Which of the lines in the data mention the string "vendita"? List them all.

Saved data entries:
::::::::

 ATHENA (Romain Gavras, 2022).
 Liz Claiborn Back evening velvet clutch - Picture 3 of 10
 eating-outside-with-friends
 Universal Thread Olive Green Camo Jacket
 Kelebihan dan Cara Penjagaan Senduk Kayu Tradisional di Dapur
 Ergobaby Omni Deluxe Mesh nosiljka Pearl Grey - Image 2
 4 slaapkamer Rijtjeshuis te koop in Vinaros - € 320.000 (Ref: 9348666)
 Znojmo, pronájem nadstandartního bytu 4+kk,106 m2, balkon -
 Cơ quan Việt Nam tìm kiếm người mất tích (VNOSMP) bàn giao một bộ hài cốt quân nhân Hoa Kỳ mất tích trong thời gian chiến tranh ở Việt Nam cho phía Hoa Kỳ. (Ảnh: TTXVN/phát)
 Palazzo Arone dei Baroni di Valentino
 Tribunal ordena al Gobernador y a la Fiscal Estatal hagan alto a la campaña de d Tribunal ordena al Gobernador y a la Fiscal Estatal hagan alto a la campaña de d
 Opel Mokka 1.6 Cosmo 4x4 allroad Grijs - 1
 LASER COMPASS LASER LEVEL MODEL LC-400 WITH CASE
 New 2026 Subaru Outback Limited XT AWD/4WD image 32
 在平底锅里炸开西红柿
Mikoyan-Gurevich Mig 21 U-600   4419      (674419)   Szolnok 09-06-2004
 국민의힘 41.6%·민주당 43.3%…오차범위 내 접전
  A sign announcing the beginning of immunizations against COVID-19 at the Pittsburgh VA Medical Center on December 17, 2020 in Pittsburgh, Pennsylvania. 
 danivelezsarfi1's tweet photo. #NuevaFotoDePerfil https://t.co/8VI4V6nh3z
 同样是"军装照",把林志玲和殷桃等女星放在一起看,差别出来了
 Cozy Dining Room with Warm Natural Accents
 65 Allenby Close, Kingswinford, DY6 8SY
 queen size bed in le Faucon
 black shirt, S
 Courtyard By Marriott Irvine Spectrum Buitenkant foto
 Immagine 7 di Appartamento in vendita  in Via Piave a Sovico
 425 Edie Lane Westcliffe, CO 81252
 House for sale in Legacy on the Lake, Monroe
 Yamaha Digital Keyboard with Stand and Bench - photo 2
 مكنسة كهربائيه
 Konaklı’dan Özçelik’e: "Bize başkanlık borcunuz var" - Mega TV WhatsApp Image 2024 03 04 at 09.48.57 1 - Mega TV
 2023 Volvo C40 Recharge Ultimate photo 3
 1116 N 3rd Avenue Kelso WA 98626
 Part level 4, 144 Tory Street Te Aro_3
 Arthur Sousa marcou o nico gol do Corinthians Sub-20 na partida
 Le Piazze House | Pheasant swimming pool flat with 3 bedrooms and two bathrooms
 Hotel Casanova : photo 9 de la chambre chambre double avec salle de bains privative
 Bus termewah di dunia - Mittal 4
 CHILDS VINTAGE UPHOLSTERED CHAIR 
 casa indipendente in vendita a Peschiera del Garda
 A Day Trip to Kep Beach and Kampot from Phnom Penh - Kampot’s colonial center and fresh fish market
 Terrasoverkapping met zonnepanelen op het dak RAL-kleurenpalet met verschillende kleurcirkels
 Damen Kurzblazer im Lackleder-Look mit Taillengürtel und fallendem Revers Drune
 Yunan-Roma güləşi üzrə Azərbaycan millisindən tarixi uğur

::::::::

Result:
 Immagine 7 di Appartamento in vendita  in Via Piave a Sovico
 casa indipendente in vendita a Peschiera del Garda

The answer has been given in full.